Cabell Midland is the largest school in the state with 1965 students. There will be 29 AAA schools (meaning more than half will make the football playoffs), 44 in AA, and 54 in A, 10 of which do not play football.
 
Point was in the Cardinal for years. They would probably be very interested in joining.
 
The road to a state championship is pretty easy and watered down isn't it? 29 AAA teams? That is like 2 or 3 conferences. And on the lower end some of the schools have to be pretty small. The large schools would have to have a distinct advantage.
 
Some conferences already cints in both AAA and AA members. Geographically similiar and long standing rivalries between member schools. Big 10 Conference in North Central WV for example.

In the past, the SSAC used an overly simplistic approach to classification by equally dividing schools in three equal parts regardless of enrollment.

That's why Cabell- Midland, with 1,900 students and Elkins with 850 students, used tob both be classified in AAA. The new classification is much fairer.
 
Some conferences already cints in both AAA and AA members. Geographically similiar and long standing rivalries between member schools. Big 10 Conference in North Central WV for example.

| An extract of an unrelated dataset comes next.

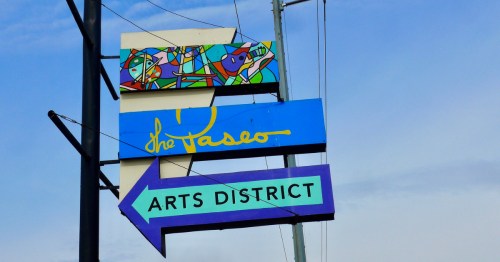 colorful blue signage for the paseo arts district in okc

In the past, the SSAC used an overly simplistic approach to classification by equally dividing schools in three equal parts regardless of enrollment.

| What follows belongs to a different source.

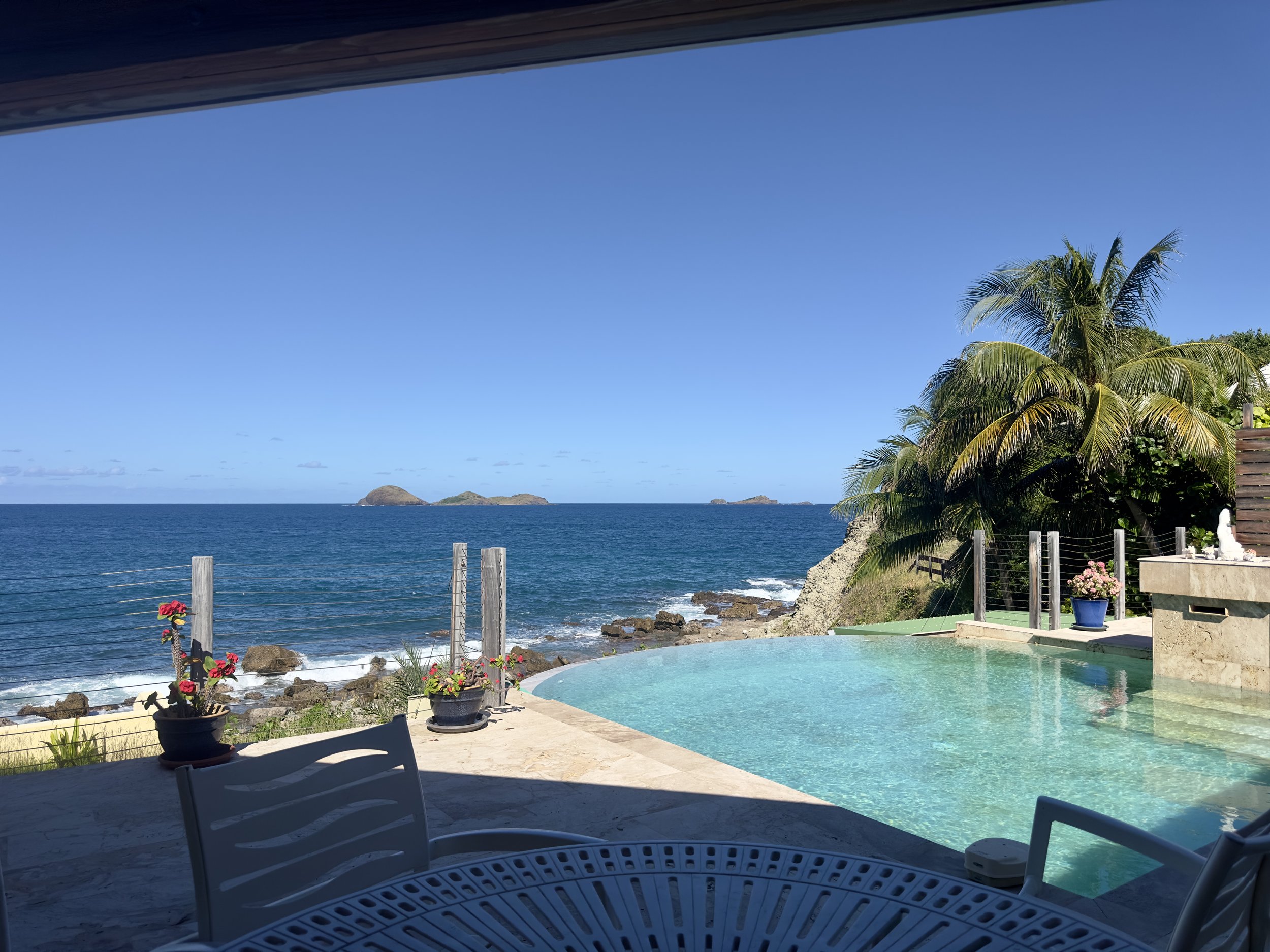 A view of the ocean with small islands in the distance, seen from a patio with an infinity pool and tropical plants, under a clear blue sky.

That's why Cabell- Midland, with 1,900 students and Elkins with 850 students, used tob both be classified in AAA. The new classification is much fairer.

Gotcha. So half or slightly more make the state playoffs in AAA football?
 
What's your point? Only one team can win a state championship per class. Schools of like size will compete against each other.

Ugggh I was just asking. Trying to follow from afar. Just wondering, try to keep up with the hometown stuff every now and again.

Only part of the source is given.